European Law Institute (ELI) Annual Conference and Meeting 2019

Intellectual Property Law Special Interest Group’s panel on

The Remedies in Intellectual Property Law: Do We Need Common European Principles?

Agenda

Presentation
Remedies, such as injunctions, damages, or claims for information, are increasingly of relevance in the policy debates in the intellectual property law. Intellectual property rights are believed to incentivize creation and dissemination of new technical solutions and help to disclose their working to the public in exchange for limited exclusivity. Many books and articles have been written about different aspects of the intellectual property system. Surprisingly, however, despite its high practical relevance, the issue of drafting, granting and enforcing remedies remains less clear in the comparative legal literature. This is in stark contrast with their policy relevance. Remedies are increasingly becoming important policy levers when adjusting the intellectual property system to quickly changing industries and business practices.
This Intellectual Property Law Special Interest Group’s (IP Law SIG) meeting aims at giving IP Law SIG a visibility in the IP academia, by involving leading experts and judges, thereby attracting publicity and new members; starting a tradition of in-depth scholarly exchange at the IP SIG events; and, potentially, launching a pan-European project on the remedies in the European intellectual property law, as a flagship initiative for the coming years.

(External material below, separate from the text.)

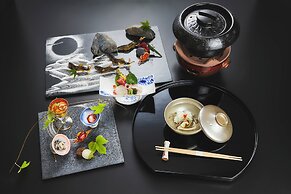 RYOKAN GINKAKU KYOTO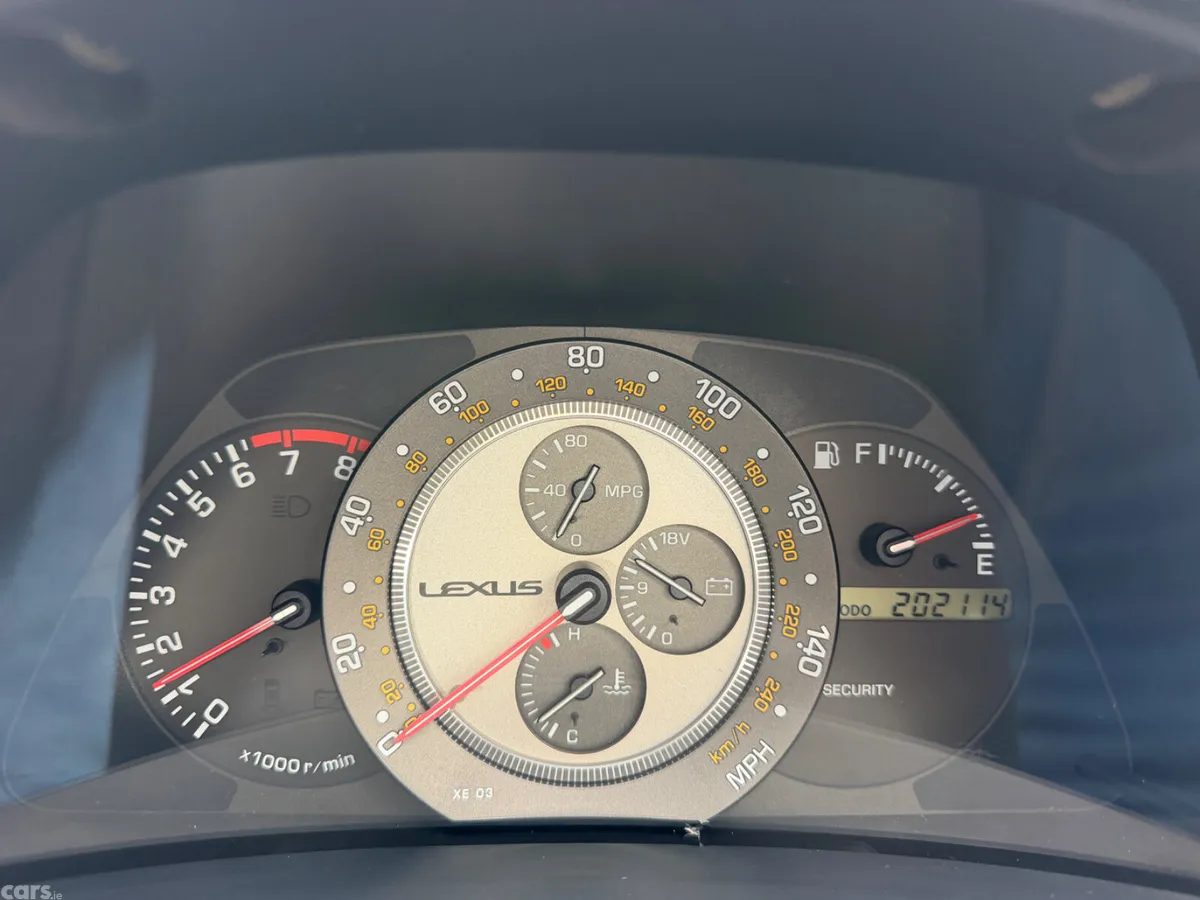 Lexus IS Saloon, Petrol, 2002, Silver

Inspired by a project initiated in 2017 by Martin Husovec and Jorge Contreras, this event follows up on a workshop organised at Tilburg University, which took place in June 2018. The workshop – entitled Mapping Flexibilities for Injunctive Relief in Patent Law: What Can the Member States of the European Union and the United States Learn From Each Other? – aimed at creating a platform for a structured discussion about the flexibility and tailoring of injunctive relief in patent law. Given the success of the workshop, the participants decided to commit their time to a book project (likely forthcoming with the Cambridge University Press) which should further deepen the discussion. At the Vienna event, some of the authors would present the preliminary findings. This debate will be at the same time used as a starting point for a broader debate about remedies in European IP law in order to answer the question whether a common set of principles would be a way forward for the European harmonization.

Program

09:00–09:10 

Welcoming remarks

(Dr. Husovec, Dr. Myska, Prof. Contreras [remote])

09:10–10:40

Could Principles for IPR Remedies be Useful?

This session will ask panelists to reflect on following questions (5-7 minutes each):

(1) Do you think that developing the common principles for the IP remedies could be a useful exercise? Why?

(2) Do you think the principles could improve adjudication of IP rights in practice? How?

(3) What other benefits could such principles bring? Do we have some precedents?

(4) Should these principles be regional or international?

 

Chair:  Dr. Husovec

Panelists:  Prof. Golden, Prof. Strowel, Prof. Sikorski, Prof. Hoyng, Prof. Fischman-Afori, Prof. Siebrasse

10:40 –11:15 Break
11:15 – 12:40

Do We Need Common European Principles for IPR Remedies?

This session will ask panelists to reflect on following questions (5-7 minutes each):

(1) Should these principles be horizontal across all IP rights? Why yes/not? Does different justification of rights matter?

(2) How much should the principles be based on the existing national law/practice (and EU law) and how much should they try to go beyond?

(3) How would you suggest to organize the work related to the development of such principles?

(4) Do you think that splitting the work-streams into injunctions, damages, unjust enrichment would be too broad or narrow?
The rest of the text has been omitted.